Adoption: When is it Too Much of a Good Thing?

The primary challenge for all start up technology companies is adoption. How do you get people to buy something new from a company they have never heard of? To be sure adoption is a good thing. However, it does not necessarily follow that maximizing adoption is always best. Remember, the ultimate goal for companies is to maximize revenue and there are many cases where the two are not necessarily linked.

In the past, when the predominant business model was selling high ticket item solutions to enterprise IT, adoption directly drove revenue. However, today, where many business models are predicated on providing low cost or even no cost entry level versions, the relationship between adoption and revenue is no longer a sure thing.

At Topline Strategy, we break markets into three categories – high, medium, and low – based on the correlation between adoption and revenue and recommend companies set their strategy accordingly.

High: These markets are ones governed by the network effect. Under the network effect, the intrinsic value of a product or service increases exponentially as the number of users increases. Therefore, more adoption drives more value which in turn drives more adoption, etc.
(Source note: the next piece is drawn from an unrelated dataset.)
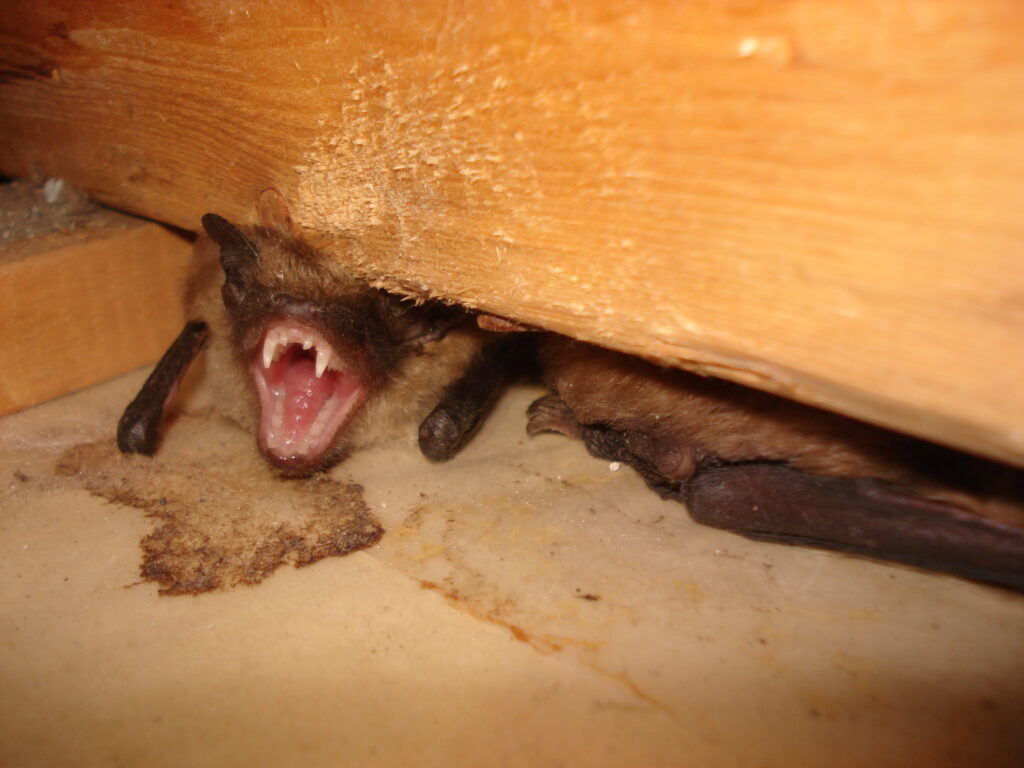 Bat Control Okanagan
For these companies, the strategy is simple – acquire users. YouTube, where more users means more videos, and eBay, where more users mean more products up for auctions and more buyers, are both examples of network effect businesses.

Medium: These are businesses, like technology platforms such as databases or application servers, where the value of the company’s products is enhanced by a community of companies offering value added products and services. While adoption is important for generating a community, it is not necessarily true that the company that has the most adoption wins the market. Instead, it is the company that generates the most robust community. These companies strategies need to focus on community development.

Low: These are markets where the fact that one user has adopted a new technology has little bearing on the value that the next user receives. Application software companies, online content providers, and search engines are all examples of businesses where the intrinsic value of adoption is low. For these companies, the strategy needs to focus on acquiring profitable users, not just any user. The most common mistake companies make in this segment is to under price their offering based on the assumption that all adoption is good adoption.

One example where this dynamic has played out is the Vulnerability Management (VM) market. VM solutions are corporate security solutions that scan devices attached to corporate networks to identify vulnerabilities to hacker attacks. Two of the main competitors in this market are the SaaS company Qualys and the Open Source company Tenable. Since Tenable gives away the base version of its solution, it has a total user base that is over thirty times larger than Qualys. However, Tenable has been able to convert only 250 of its 75,000 free users into paying customers. In contrast, Qualys has over 2,000 paying customers, nearly ten times as many as Tenable. Ultimately, Qualys gained adoption where it mattered most, among paying customers. It didn’t matter that Tenable had the most total adoption.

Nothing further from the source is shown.